SPAdes and MaSuRCA Assemblers Performed Best in GAGE-B Evaluation
GAGE-B, run by Steven Salzberg’s group, compared the performances of various genome assembly programs. Its main difference with Assemblathon 2 was that the evaluations were done on bacterial NGS libraries only, whereas Assemblathon 2 focused on vertebrates. Salzberg group previously compared the performances of large genome assemblies under GAGE evaluation.
GAGE-B, unlike Assemblathon, was not conducted as a competition. Instead Salzberg group installed the assembly programs themselves and ran them on twelve different NGS libraries - Rhodobacter sphaeroides (HiSeq 100bp), Mycobacterium abscessus (HiSeq 100bp), Vibrio cholerae (HiSeq 100bp), Bacillus cereus (HiSeq 100b[), Rhodobacter sphaeroides (MiSeq 250bp), Mycobacterium abscessus (MiSeq 250bp), Vibrio cholerae (MiSeq 250bp), Aeromonas hydrophila (MiSeq 250bp), Bacillus cereus, Bacteroides fragilis, Staph. aureus and Xanthomonas axonopodis. The entire paper is a must read for anyone working on genome assembly, but if one statement stood out, it was the following one from the fourth paragraph of discussion section.
Overall MaSuRCA and SPAdes produced the best assemblies across these twelve bacterial organisms.

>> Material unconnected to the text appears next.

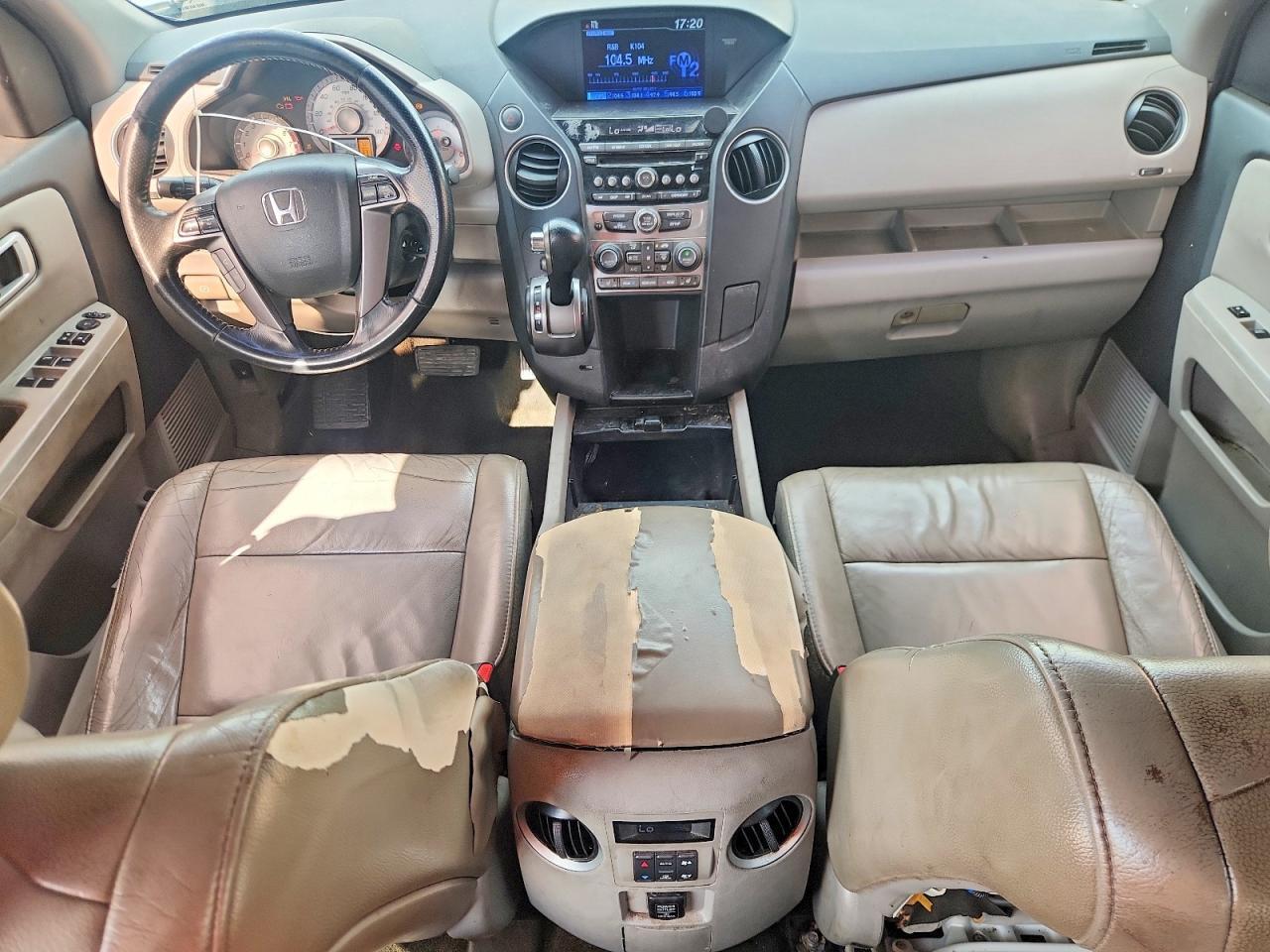 5FNYF3H59EB014345 2014 HONDA PILOT photo no. 8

We do not know why he statement did not make to the abstract. Was it because the comparative results were not supportive of such a strong statement in abstract, or was it to make sure other authors of genome assembly programs were not offended? Here are our naive observations based on two comparison tables.
Allpaths-LG, Ray, Minia
Allpaths-LG was not included in the comparison, because -
Allpaths-LG explicitly requires a minimum of two libraries (a short library and a jumping library), which means it could not be run on the data used in this study).
Also Ray and Minia+scaffolder were not included.
SGA
Based on N50 measure (an imperfect way to compare assemblies), SGA did not match the performances of other assemblers in almost all of the bacterial data sets. That came as a big surprise to us, because SGA was clearly the best assembler for at least one Assemblathon 2 set and among the best for the other two Assemblathon 2 sets. Is the difference due to not including Phusion along with SGA for GAGE-B? We asked Jared Simpson about whether GAGE-B ran his program correctly and what the implication of GAGE-B results are. His explanation would be helpful to readers to understand results for other assemblers as well.
I think GAGE-B is a fair comparison and they spent time to explore the parameters of SGA. I will give a few guesses as to why the performance was lower than other assemblers:
1) Since SGA is designed for larger genomes, it does not use read pairs until quite late in the assembly. With smaller genomes there is an opportunity to introduce pairs earlier since the time and memory constraints are lower. Pairs could be used to clean errors from the graph and resolve some repeats.
2) I have not tested SGA on 250bp reads. If a long read cannot be completely corrected, it will be discarded by the error corrector. The corrector should take more care and trim the ends of reads that cannot be completely corrected.
3) In general the algorithms are conservative (correctly pointed out in the paper) to avoid misassemblies on repetitive genomes. With bacteria maybe the algorithms are stricter than necessary. This includes both the error correction and contig assembly steps.
These are just guesses though, I will have to download the data and look at the results in detail to see where the best areas of improvement are.
ABySS, CABOG, MIRA, Velvet
Those four assemblers were usually better than SGA, but far worse than the assembly with the best N50 in each of twelve test libraries.
SOAPdenovo
In half of the cases, SOAPdenovo produced assemblies with better N50 than the above five assemblers (and sometimes the best), and in remaining half, it was worst. That inconsistency is very puzzling.
SPAdes and MaSuRCA
Either SPAdes or MaSuRCA ranked as the top assembler in all evaluations. Quoting GAGE-B paper:
Although no assembler won on all the various metrics, the MaSuRCA assembler had the largest contig sizes, measured by either N50 or corrected N50 values, for ten of the twelve experiments. The SPAdes assembler, a relatively recent entry into the next generation assembly field, came in first or essentially tied for first for four of the twelve genomes. These results were consistent across both 100bp (HiSeq) and 250bp (MiSeq) reads, although SPAdes had a larger boost in improvement for the longer reads.
The paper has lot more interesting information and we have not looked at the supplement yet.